A.M.R. BB. 80,99. protocoles du Magistrat
Traduction:
Les pluies incessantes qui ont fait monter le niveau des eaux au point qu’elles submergent les champs et les céréales, sont un avertissement du Dieu tout puissant pour punir les pécheurs. Aussi a-t-il été décidé par le Magistrat, à l’issue de la messe de dimanche, une journée de prière et par la suite une procession au Schauenberg pour prier la mère de Dieu d’intervenir auprès de son fils, notre Seigneur et notre Sauveur, afin qu’il sursoie à la punition qui nous menace et afin que le temps soit plus clément…

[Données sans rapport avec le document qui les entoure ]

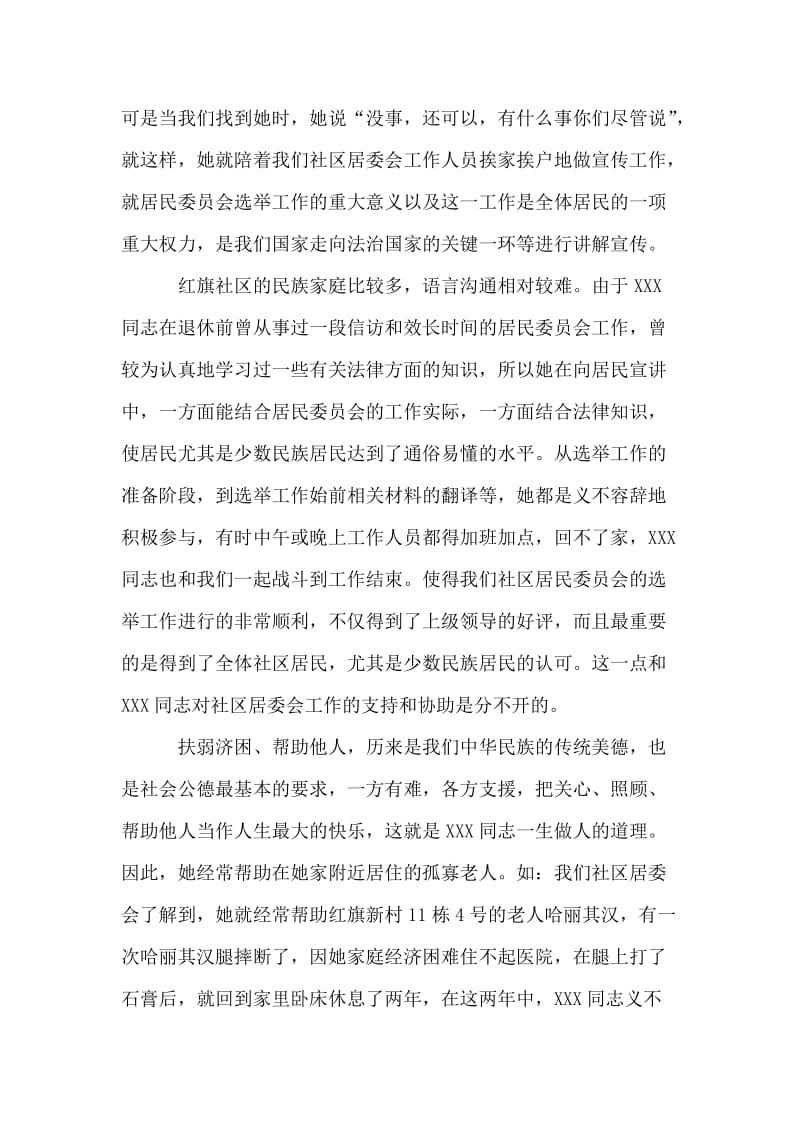 红旗民主社区标兵家庭事迹材料.doc_第2页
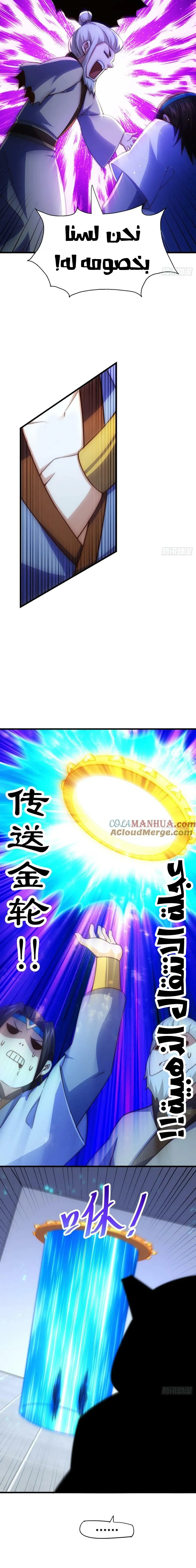 صفحة 10 — Above ten thousand people الفصل 206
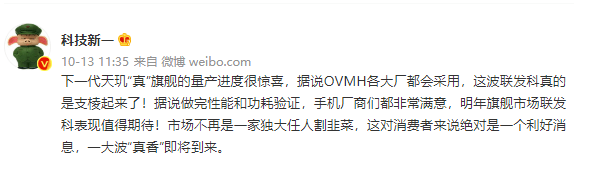 联发科下一代天玑旗舰SoC再爆料，获OPPOvivo小米荣耀等手机厂商高度认可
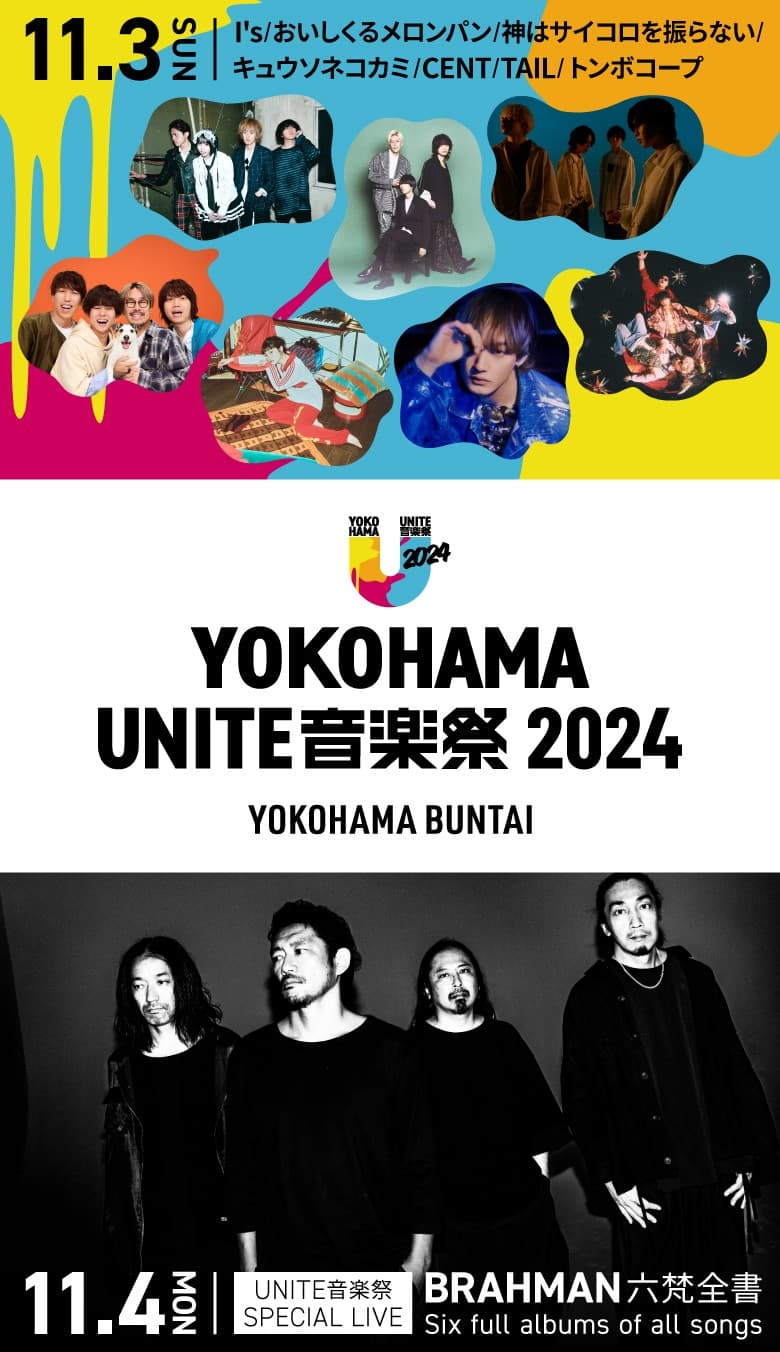 「YOKOHAMA UNITE音楽祭 2024」トリは“あの”がボーカル、解散前ラストライブのI’s！11/3タイムテーブル公開！「街がひとつになる」音楽祭がまもなく開催！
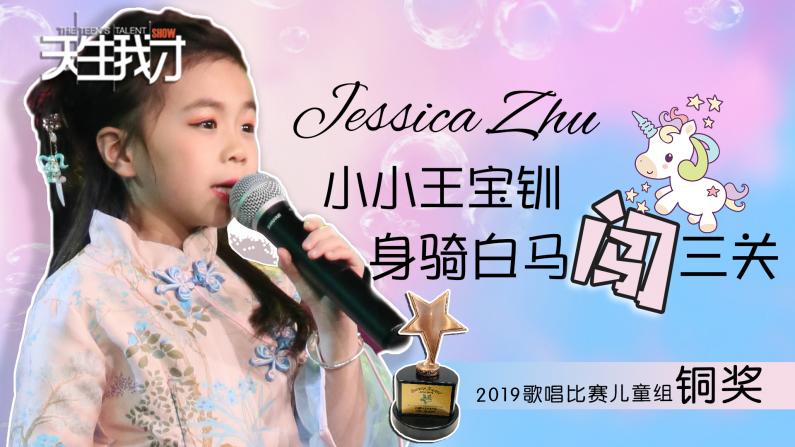 Jessica Zhu：小小王宝钏 身骑白马闯三关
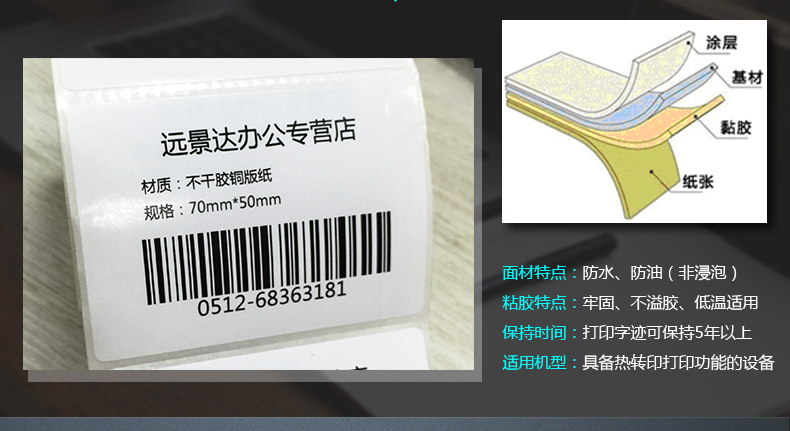 龙8头号玩家(国际)官方网站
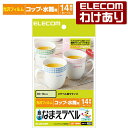 【訳あり】エレコム 耐水なまえラベルシール 耐水光沢フィルム コップ・水筒用 14面×4シート インクジェット用紙 ホワイト 防水 耐水 EDT-TNM4 【税...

Nous avons envoyé deux membres du conseil ainsi que deux chefs de tribu chez Monsieur le curé pour lui faire part de ces projets et le prier de faire le nécessaire de son côté. Les quatre émissaires sont revenus, disant que pour ce qui concerne les heures de prière, il voulait bien les autoriser. Mais pour ce qui était de la procession, il avait déclaré que si ce n’était pas la commune qui payait leur salaire il ne l’autoriserait pas et que ni lui, ni les deux chapelains n’y prendraient part!

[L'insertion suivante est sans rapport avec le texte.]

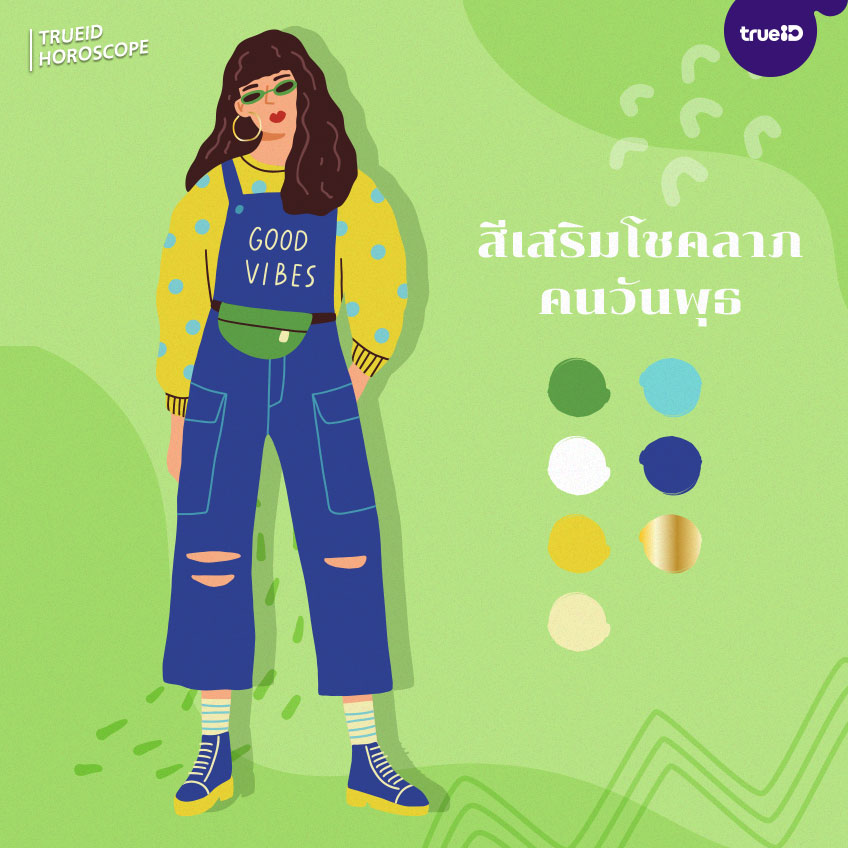 สีเสื้อมงคล เสริมโชคลาภ ตามวันเกิด สีเสื้อมงคลวันหวยออก วันพุธ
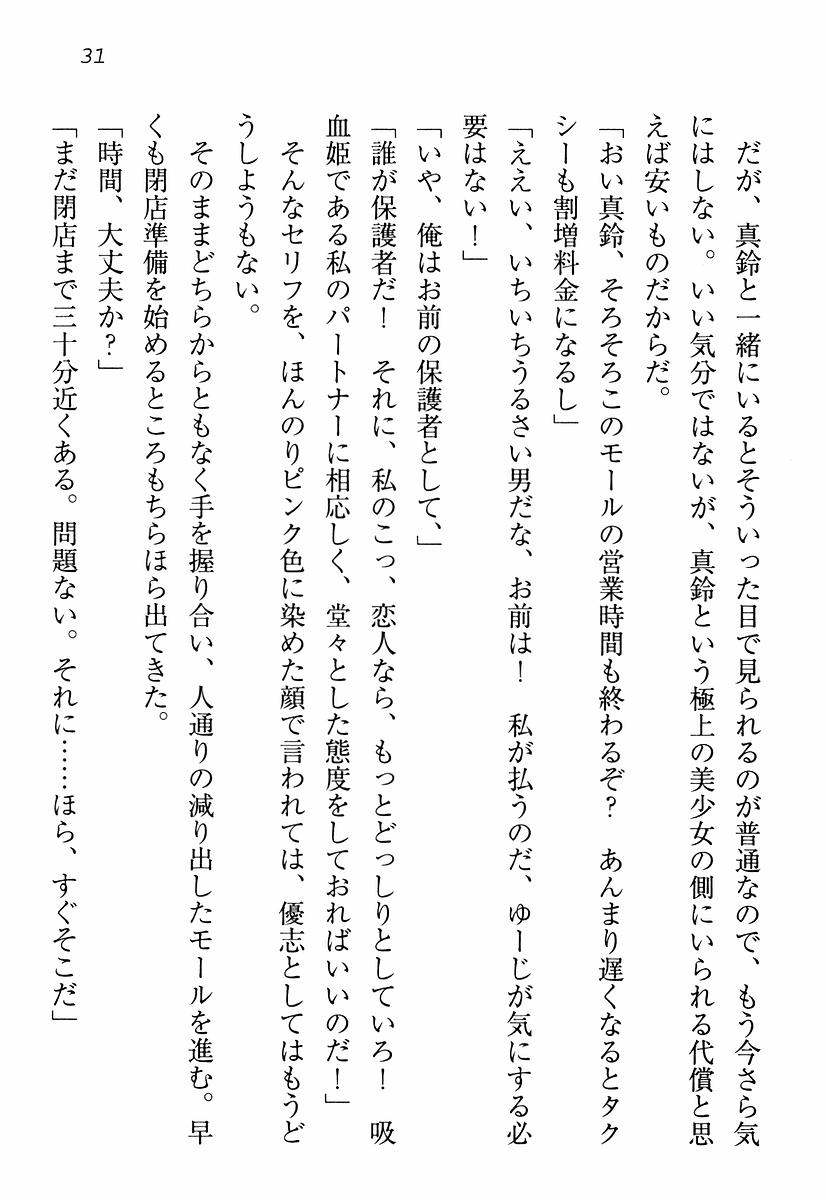 (C72) [Aohashi Shouten (Aohashi Yutaka, Andou Tomoya)] Koinatu - Kanojo wa Tsundere! - Page 37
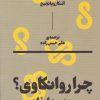 کتاب چرا روانکاوی | انتشارات بان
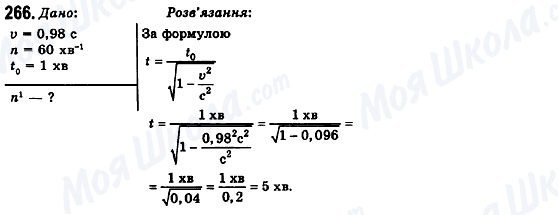 ГДЗ Фізика 10 клас сторінка 266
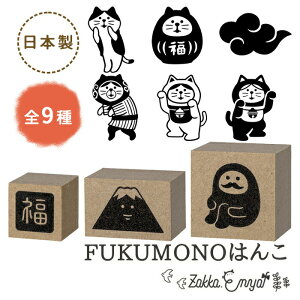 q nR ͂   L  xmR _  L FUKUMONO͂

A la suite d’une nouvelle réunion, nous avons dépêché deux envoyés chez le curé pour l’informer que nous allions organiser la procession le lendemain et que si le curé et les deux chapelains refusaient à nouveau d’en être, elle se ferait sans eux !
Le Magistrat promet d’en référer à qui de droit, sans préciser à qui, mais on se doute bien qu’il se plaindra à l’évêque de Bâle et au seigneur de l’Obermundat, l’évêque de Strasbourg. Il semblerait que les raisons de se plaindre s’étaient accumulées depuis quelque temps et que cette dernière dissension avec le curé avait fait déborder le vase !
Ce document nous prouve, s'il en était encore besoin, combien étroite était l'interpénétration du laïc et du religieux dans la vie de nos anciens, encore à la veille de la période contemporaine: une grande sécheresse ou des pluies incessantes sont nécessairement une punition de Dieu pour les fautes commises par les hommes et seules la prière, la pénitence et l'intercession de la Vierge mère de Dieu ou d'autres saints peuvent calmer sa colère et rétablir des conditions plus clémentes.
Permettons-nous une petite plaisanterie, même si le sujet est grave: imaginons-nous un instant cette procession du lendemain, conduite par le prévôt et le conseil au grand complet, faisant au passage un grand pied de nez au curé furieux gesticulant sous le portail de son église... Peppone et don Camillo?